= Jamie Peck (podcaster) =

American writer, podcaster, and model

Jamie Elizabeth Peck is an American writer, podcaster and former model. She currently co-hosts the Party Girls podcast, and she previously produced and contributed to The Majority Report with Sam Seder and the Antifada podcast.

== Early life ==
Peck is from West Hartford, Connecticut. In 2007, she graduated from Columbia University in New York City.

== Blogging career ==
On January 14, 2009, Peck wrote for the Vice blog in a piece titled, "I work in a biography factory". In December 2010, Peck first received notoriety when she was interviewed in The New York Observer for her blog with Village Voice Media called Naked City NY; this blog, along with the companion Naked City LA, had been live for several months but never linked to or promoted by Village Voice.

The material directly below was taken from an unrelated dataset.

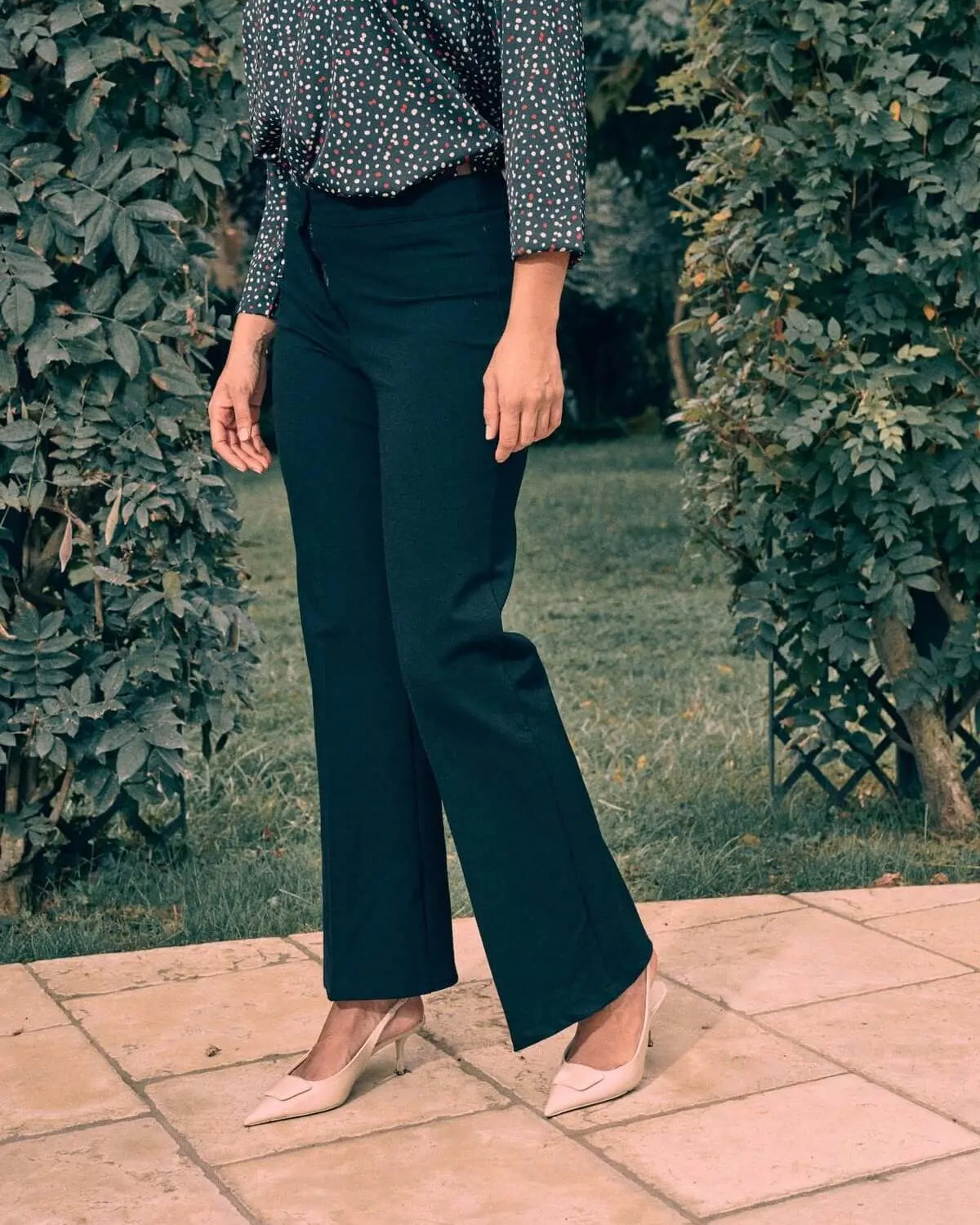 Pantaloni a vita alta dal taglio flare a vita alta NERO DORABELLA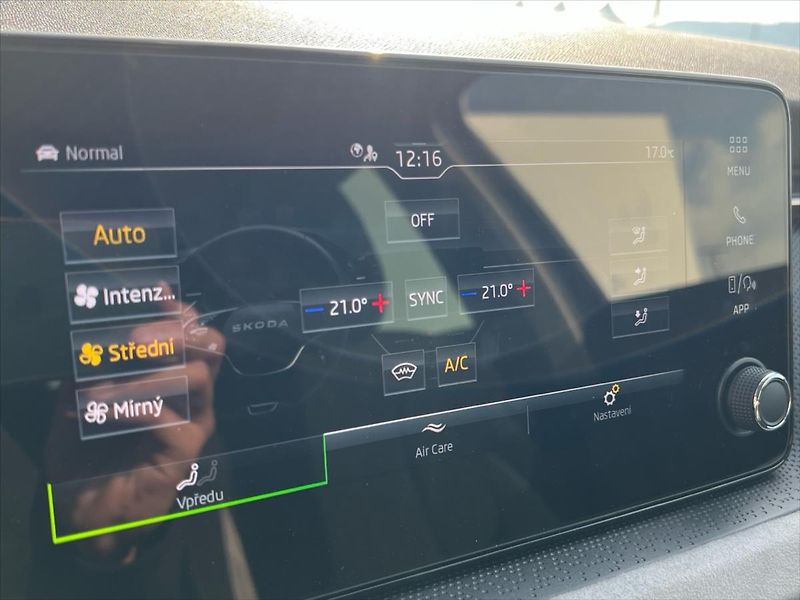 Škoda Scala 1,0 TSi 85kW TOP SELECTION - fotka 28 z 29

She was the sole editor for the blog and had written 519 posts during Naked Citys run. However, she announced that Village Voice Media had informed her they were cancelling the site. She told the New York Observer in an interview that she'd "never been the sole editor of a blog before" and that contributing to the site "was definitely a good experience".

Peck continued her writing career, and was still being published in the Village Voice as well as for the site The Gloss. In June 2012, her work on the site Crushable.com about the television show Girls was referenced in a New York Times article about the show in its 'Fashion' section. One month later, the New York Observer featured a story about Peck's writing for The Gloss about her apparent "Missed Connection for Friendship" with Luka Rocco who had been accused of cannibalism. One month after that, another of her stories (while blogging for Crushable) was referenced in an LA Times article about how Chris Brown reacted to Rihanna's Oprah Winfrey interview.

In 2013, she announced she would be leaving The Gloss but would continue write for the Village Voice and other outlets. On April 22, 2015, it was announced that Peck would be joining the blog Death + Taxes. It was writing on this site that in December 2016, Peck would again be featured in the New York Times, this time in an article about Hillary Clinton under its 'Politics' section.

== Sexual misconduct allegation against Terry Richardson ==

On November 30, 2011, Peck wrote an account for The Gloss about her experiences with photographer Terry Richardson when she was 19 and was working as a model. In the account she alleged that during a 2004 photo-shoot, he disrobed and had "asked her to touch his penis". This story was picked up by Jezebel and later the New York Times.

During a follow-up story two days later, Jezebel wrote that "Following the publication of Peck's allegations, other stories of Richardson's questionable behavior at work poured forth." In a 2014 article about the allegations The Cut credited Peck's article itself writing that "It was after Peck's vividly detailed account that the narrative of Richardson as predator, as opposed to kinky eccentric, gained traction." In a 2017 piece about the subject, The Untitled Magazine wrote that it was Jezebel's coverage of Peck's article that was the tipping point in the controversy, writing that after Jezebel picked up the story "scores of models, stylists, fashion writers, and modeling bookers came forward [...] describing their own stories of abuse. Since then, models including Coco Rocha, Rie Rasmussen, Felice Fawn, and Charlotte Waters have also spoken out against Richardson."

When asked about Peck's article in 2012, The New York Times wrote that Richardson had "declined to discuss Ms. Peck's comments".

In 2014, Peck wrote once more about her experience in article for The Guardian, where she wrote "From Roman Polanski to Woody Allen and thousands of 'nice guys' in between, it should be obvious by now that artists and predators aren't mutually exclusive. Sexual predators aren't drooling monsters that hide in caves: they are husbands, fathers, employees, friends and, yes, sometimes artists."

== Podcasting ==
On October 24, 2017, Peck made her first appearance on The Majority Report with Sam Seder where she would later become a contributor. On International Women's Day, 2018, Peck along with co-host Sean KB and producer Matt Lech launched the podcast The Antifada which has since released over 100 episodes to Patreon. Peck left The Majority Report in March 2021, and The Antifada in March 2022. She now hosts Party Girls Pod with Sam Beard.

== Personal life and political activism ==
Peck resides in Brooklyn, New York. She has stated that she is a member of the New York-based Emerge caucus of the Democratic Socialists of America, and a former member of the Libertarian Socialist Caucus.